We can define inversion rules about the big-step semantics:

@[simp] theorem BigStep_skip_Iff {s t} :
  (Stmt.skip, s) ⟹ t ↔ t = s
:=
  by
    apply Iff.intro
    { intro h
      cases h with
      | skip => rfl }
    { intro h
      rw [h]
      apply BigStep.skip }

@[simp] theorem BigStep_assign_Iff {x a s t} :
  (Stmt.assign x a, s) ⟹ t ↔ t = s[x ↦ a s]
:=
  by
    apply Iff.intro
    { intro h
      cases h with
      | assign => rfl }
    { intro h
      rw [h]
      apply BigStep.assign }

@[simp] theorem BigStep_seq_Iff {S T s u} :
  (S; T, s) ⟹ u ↔ (∃t, (S, s) ⟹ t ∧ (T, t) ⟹ u)
:=
  by
    apply Iff.intro
    { intro h
      cases h with
      | seq =>
        apply Exists.intro
        apply And.intro <;>
          assumption }
    { intro h
      cases h with
      | intro s' h' =>
        cases h' with
        | intro hS hT =>
          apply BigStep.seq <;>
            assumption }

@[simp] theorem BigStep_if_Iff {B S T s t} :
  (Stmt.ifThenElse B S T, s) ⟹ t ↔
  (B s ∧ (S, s) ⟹ t) ∨ (¬ B s ∧ (T, s) ⟹ t)
:=
  by
    apply Iff.intro
    { intro h
      cases h with
      | if_true _ _ _ _ _ hB hS =>
        apply Or.intro_left
        aesop
      | if_false _ _ _ _ _ hB hT =>
        apply Or.intro_right
        aesop }
    { intro h
      cases h with
      | inl h =>
        cases h with
        | intro hB hS =>
          apply BigStep.if_true <;>
            assumption
      | inr h =>
        cases h with
        | intro hB hT =>
          apply BigStep.if_false <;>
            assumption }

theorem BigStep_while_Iff {B S s u} :
  (Stmt.whileDo B S, s) ⟹ u ↔
  (∃t, B s ∧ (S, s) ⟹ t ∧ (Stmt.whileDo B S, t) ⟹ u)
  ∨ (¬ B s ∧ u = s)
:=
  by
    apply Iff.intro
    { intro h
      cases h with
      | while_true _ _ _ t _ hB hS hw =>
        apply Or.intro_left
        apply Exists.intro t
        aesop
      | while_false _ _ _ hB =>
        apply Or.intro_right
        aesop }
    { intro h
      cases h with
      | inl hex =>
        cases hex with
        | intro t h =>
          cases h with
          | intro hB h =>
            cases h with
            | intro hS hwhile =>
              apply BigStep.while_true <;>
                assumption
      | inr h =>
        cases h with
        | intro hB hus =>
          rw [hus]
          apply BigStep.while_false
          assumption}

@[simp] theorem BigStep_while_true_Iff {B S s u}
    (hcond : B s) :
  (Stmt.whileDo B S, s) ⟹ u ↔
  (∃t, (S, s) ⟹ t ∧ (Stmt.whileDo B S, t) ⟹ u)
:=
  by
    rw [BigStep_while_Iff]
    simp [hcond]

@[simp] theorem BigStep_while_false_Iff {B S s t}
    (hcond : ¬ B s) :
  (Stmt.whileDo B S, s) ⟹ t ↔ t = s
:=
  by
    rw [BigStep_while_Iff]
    simp [hcond]

Small-Step Semantics

A big-step semantics

does not let us reason about intermediate states;
does not let us express nontermination or interleaving (for multithreading).

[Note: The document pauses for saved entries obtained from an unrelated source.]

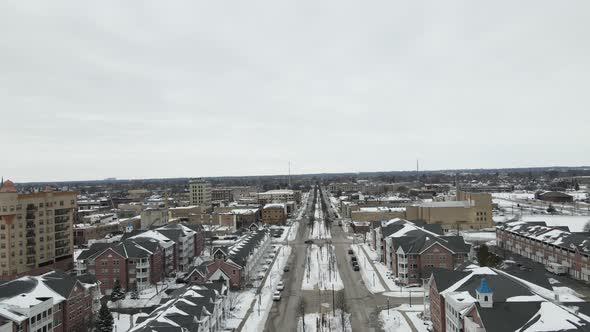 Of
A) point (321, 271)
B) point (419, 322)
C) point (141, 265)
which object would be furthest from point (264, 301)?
point (141, 265)

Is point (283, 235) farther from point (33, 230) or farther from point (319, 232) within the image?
point (33, 230)

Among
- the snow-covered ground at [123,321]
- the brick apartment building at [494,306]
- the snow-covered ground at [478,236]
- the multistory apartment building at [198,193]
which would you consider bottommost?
the snow-covered ground at [123,321]

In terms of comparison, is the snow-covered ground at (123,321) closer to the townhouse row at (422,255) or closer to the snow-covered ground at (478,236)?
the townhouse row at (422,255)

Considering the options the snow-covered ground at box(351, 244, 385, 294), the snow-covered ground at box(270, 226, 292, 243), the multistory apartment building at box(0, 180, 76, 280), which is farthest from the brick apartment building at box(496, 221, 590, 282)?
the multistory apartment building at box(0, 180, 76, 280)

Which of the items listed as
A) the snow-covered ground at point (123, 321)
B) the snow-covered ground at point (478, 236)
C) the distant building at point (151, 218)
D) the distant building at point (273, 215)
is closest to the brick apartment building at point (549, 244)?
the snow-covered ground at point (478, 236)

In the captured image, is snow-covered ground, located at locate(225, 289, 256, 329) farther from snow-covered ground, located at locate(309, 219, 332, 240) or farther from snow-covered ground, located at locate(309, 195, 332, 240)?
snow-covered ground, located at locate(309, 195, 332, 240)

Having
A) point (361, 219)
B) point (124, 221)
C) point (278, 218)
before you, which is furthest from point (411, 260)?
point (124, 221) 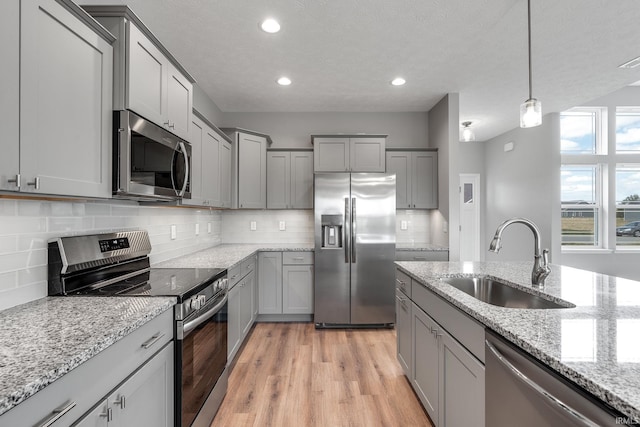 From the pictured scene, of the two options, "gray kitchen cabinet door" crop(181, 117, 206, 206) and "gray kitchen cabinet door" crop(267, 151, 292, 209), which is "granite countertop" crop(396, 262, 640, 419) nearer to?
"gray kitchen cabinet door" crop(181, 117, 206, 206)

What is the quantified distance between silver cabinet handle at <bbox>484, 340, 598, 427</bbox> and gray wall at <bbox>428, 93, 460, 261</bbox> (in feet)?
8.93

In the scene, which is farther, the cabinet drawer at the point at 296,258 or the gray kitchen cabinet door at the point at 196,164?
the cabinet drawer at the point at 296,258

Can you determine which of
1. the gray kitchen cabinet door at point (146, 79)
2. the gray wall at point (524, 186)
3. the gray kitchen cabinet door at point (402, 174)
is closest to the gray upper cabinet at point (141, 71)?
the gray kitchen cabinet door at point (146, 79)

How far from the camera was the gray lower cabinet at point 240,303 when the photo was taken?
246cm

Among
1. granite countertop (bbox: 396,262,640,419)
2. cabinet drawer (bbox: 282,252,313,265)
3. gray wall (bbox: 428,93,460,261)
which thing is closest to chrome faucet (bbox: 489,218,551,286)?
granite countertop (bbox: 396,262,640,419)

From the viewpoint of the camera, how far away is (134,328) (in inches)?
43.6

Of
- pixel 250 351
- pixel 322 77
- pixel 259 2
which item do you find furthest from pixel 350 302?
pixel 259 2

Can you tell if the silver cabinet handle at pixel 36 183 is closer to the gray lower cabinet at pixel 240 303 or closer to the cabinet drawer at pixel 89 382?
the cabinet drawer at pixel 89 382

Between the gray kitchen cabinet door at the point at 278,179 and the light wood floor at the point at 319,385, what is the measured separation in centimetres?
169

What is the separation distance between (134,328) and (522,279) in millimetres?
2049

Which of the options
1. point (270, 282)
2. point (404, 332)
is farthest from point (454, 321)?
point (270, 282)

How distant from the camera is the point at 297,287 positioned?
3.68 metres

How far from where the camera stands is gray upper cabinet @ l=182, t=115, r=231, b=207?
2.56 metres

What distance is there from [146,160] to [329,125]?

Small-step semantics (also called structural operational semantics) solve the above issues.

A judgment has the form (S, s) ⇒ (T, t):

Starting in a state `s`, executing one step of `S` leaves us in the
state `t`, with the program `T` remaining to be executed.

An execution is a finite or infinite chain (S₀, s₀) ⇒ (S₁, s₁) ⇒ ….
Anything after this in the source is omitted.